BLOG POST

ML BeneBits

EXAMINING A RANGE OF EMPLOYEE BENEFITS
AND EXECUTIVE COMPENSATION ISSUES

ESG Rule Challenged in Congress and Courts

Both the US House of Representatives and the Senate passed a resolution to overturn the US Department of Labor’s so-called “ESG Rule” on February 28 and March 1, 2023, respectively. The ESG Rule has been a topic of debate as it sought to clarify the role that environmental, social, and governance (ESG) factors can play in fiduciary decision-making on behalf of retirement plans regulated by ERISA. This resolution is part of a larger effort to limit ESG investing at both federal and state levels.

The ESG Rule, released in final form in November 2022, provides ERISA-regulated fiduciaries greater flexibility and leeway to consider ESG factors and explicitly allows for the consideration of certain ESG factors that are financially relevant to an investment’s risk-return analysis.

Congress

The House and Senate voted to overturn the ESG Rule through the Congressional Review Act (CRA), which allows Congress to repeal a final rule issued by a federal agency within 60 legislative days of its going into effect via a simple majority in both chambers (the majority of the ESG Rule’s provisions went into effect on January 30, 2023).

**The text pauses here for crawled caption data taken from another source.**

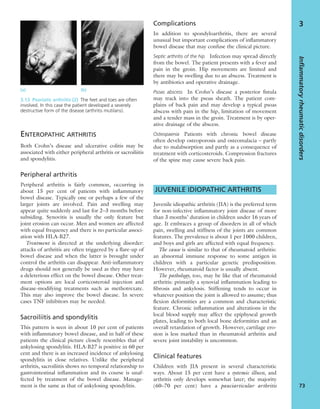 ENTEROPATHIC ARTHRITIS
Both Crohn’s disease and ulcerative colitis may be
associated with either peripheral arthritis or sacroiliitis
and spondylitis.
Peripheral arthritis
Peripheral arthritis is fairly common, occurring in
about 15 per cent of patients with inﬂammatory
bowel disease. Typically one or perhaps a few of the
larger joints are involved. Pain and swelling may
appear quite suddenly and last for 2–3 months before
subsiding. Synovitis is usually the only feature but
joint erosion can occur. Men and women are affected
with equal frequency and there is no particular associ-
ation with HLA-B27.
Treatment is directed at the underlying disorder:
attacks of arthritis are often triggered by a ﬂare-up of
bowel disease and when the latter is brought under
control the arthritis can disappear. Anti-inﬂammatory
drugs should not generally be used as they may have
a deleterious effect on the bowel disease. Other treat-
ment options are local corticosteroid injection and
disease-modifying treatments such as methotrexate.
This may also improve the bowel disease. In severe
cases TNF inhibitors may be needed.
Sacroiliitis and spondylitis
This pattern is seen in about 10 per cent of patients
with inﬂammatory bowel disease, and in half of these
patients the clinical picture closely resembles that of
ankylosing spondylitis. HLA-B27 is positive in 60 per
cent and there is an increased incidence of ankylosing
spondylitis in close relatives. Unlike the peripheral
arthritis, sacroiliitis shows no temporal relationship to
gastrointestinal inﬂammation and its course is unaf-
fected by treatment of the bowel disease. Manage-
ment is the same as that of ankylosing spondylitis.
Complications
In addition to spondyloarthritis, there are several
unusual but important complications of inﬂammatory
bowel disease that may confuse the clinical picture.
Septic arthritis of the hip Infection may spread directly
from the bowel. The patient presents with a fever and
pain in the groin. Hip movements are limited and
there may be swelling due to an abscess. Treatment is
by antibiotics and operative drainage.
Psoas abscess In Crohn’s disease a posterior ﬁstula
may track into the psoas sheath. The patient com-
plains of back pain and may develop a typical psoas
abscess with pain in the hip, limitation of movement
and a tender mass in the groin. Treatment is by oper-
ative drainage of the abscess.
Osteopaenia Patients with chronic bowel disease
often develop osteoporosis and osteomalacia – partly
due to malabsorption and partly as a consequence of
treatment with corticosteroids. Compression fractures
of the spine may cause severe back pain.
JUVENILE IDIOPATHIC ARTHRITIS
Juvenile idiopathic arthritis (JIA) is the preferred term
for non-infective inﬂammatory joint disease of more
than 3 months’ duration in children under 16 years of
age. It embraces a group of disorders in all of which
pain, swelling and stiffness of the joints are common
features. The prevalence is about 1 per 1000 children,
and boys and girls are affected with equal frequency.
The cause is similar to that of rheumatoid arthritis:
an abnormal immune response to some antigen in
children with a particular genetic predisposition.
However, rheumatoid factor is usually absent.
The pathology, too, may be like that of rheumatoid
arthritis: primarily a synovial inﬂammation leading to
ﬁbrosis and ankylosis. Stiffening tends to occur in
whatever position the joint is allowed to assume; thus
ﬂexion deformities are a common and characteristic
feature. Chronic inﬂammation and alterations in the
local blood supply may affect the epiphyseal growth
plates, leading to both local bone deformities and an
overall retardation of growth. However, cartilage ero-
sion is less marked than in rheumatoid arthritis and
severe joint instability is uncommon.
Clinical features
Children with JIA present in several characteristic
ways. About 15 per cent have a systemic illness, and
arthritis only develops somewhat later; the majority
(60–70 per cent) have a pauciarticular arthritis
Inflammatoryrheumaticdisorders
73
3
3.13 Psoriatic arthritis (2) The feet and toes are often
involved. In this case the patient developed a severely
destructive form of the disease (arthritis mutilans).
(a) (b)
 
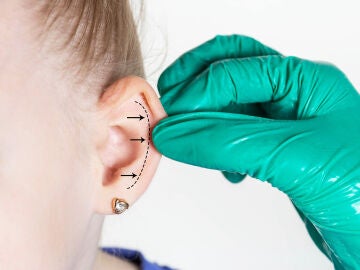 Una mujer con las orejas grandes se prepara para una otoplastia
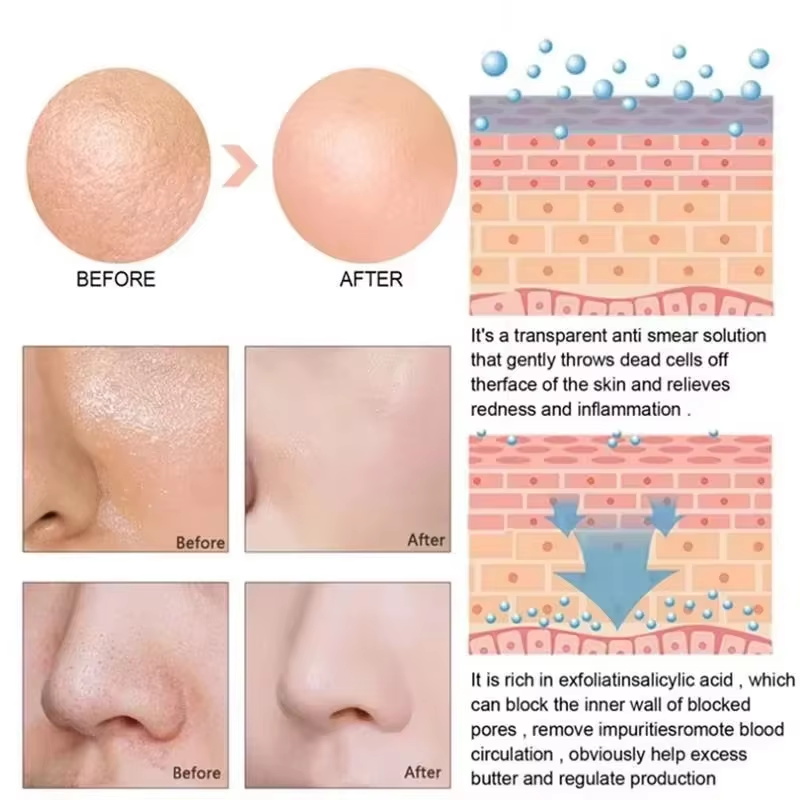Salicylic Acid Pore Shrinking  - огляд і ціна Salicylic Acid Blackhead Remover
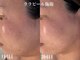 ソエル(Soel)の写真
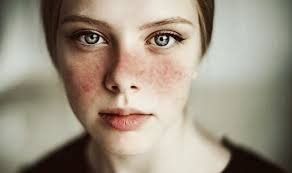 Scientific research : Systemic lupus erythematosus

The resolution passed the House with a party-line vote of 216–204, with only one Democrat crossing the aisle, and passed by a slim majority in the Senate, 50-46, with two Democrats crossing the aisle. President Joseph Biden has already declared he will use his veto power over the CRA resolution.

While this attempt to overturn the ESG Rule will likely be unsuccessful, it is not the only challenge the rule faces.

Courts

In the last month, multiple plaintiffs have filed two separate lawsuits seeking to block the DOL from enforcing the ESG Rule. Both lawsuits allege that the ESG Rule politicizes the retirement system by allowing consideration of ESG factors—which they allege may be tied to policy or ethically motivated goals—in fiduciary decision-making.

The first lawsuit, Utah v. Walsh, was filed in late January in the Northern District of Texas. The Utah plaintiffs, a coalition of attorneys general from 25 states, and three private plaintiffs allege that the ESG Rule oversteps DOL authority and is arbitrary and capricious under the Administrative Procedure Act. The second lawsuit, Braun v. Walsh, was filed in late February in Wisconsin district court. The two Braun plaintiffs, both of whom are participants in ERISA-regulated retirement plans, argue that the ESG Rule violates ERISA and exceeds the authority granted to the US secretary of labor by statute.

States

Additionally, since the start of the 2023 legislative session in mid-January, 26 states have proposed their own versions of ESG investing regulations, 23 of which seek to limit or restrict the consideration of ESG factors by state funds and/or their fiduciaries, in direct contrast to the ESG Rule. Eight states already enacted similarly restrictive bills in the prior legislative session.

These bills do not outright ban the consideration of ESG factors. Rather, they mandate that fiduciaries or companies may only consider those factors that are relevant for financial, rather than social or ethical, reasons. ERISA preempts these state laws from applying to private employer-sponsored retirement plans, but state regulations do serve as a harbinger of future federal ESG regulation if there were a shift in control of the Senate and the White House.

Implications

This regulatory dynamism underscores why it is important for fiduciaries to carefully ponder the role that ESG considerations play in their investment decisions. Neither the CRA resolution, nor the federal lawsuits, nor the state regulations would result in outright bans on the consideration of ESG factors in investing, writ large—their ultimate focus is on limiting the reasons why fiduciaries and companies may consider certain ESG factors.

Viewed through that lens, the ESG Rule and these challenges are not necessarily at direct odds with one another. Rather, these legislative and judicial challenges may clarify the lens through which fiduciaries and companies consider ESG, encouraging fiduciaries to document why the ESG factors they rely on are financially relevant to an investment’s risk and return characteristics.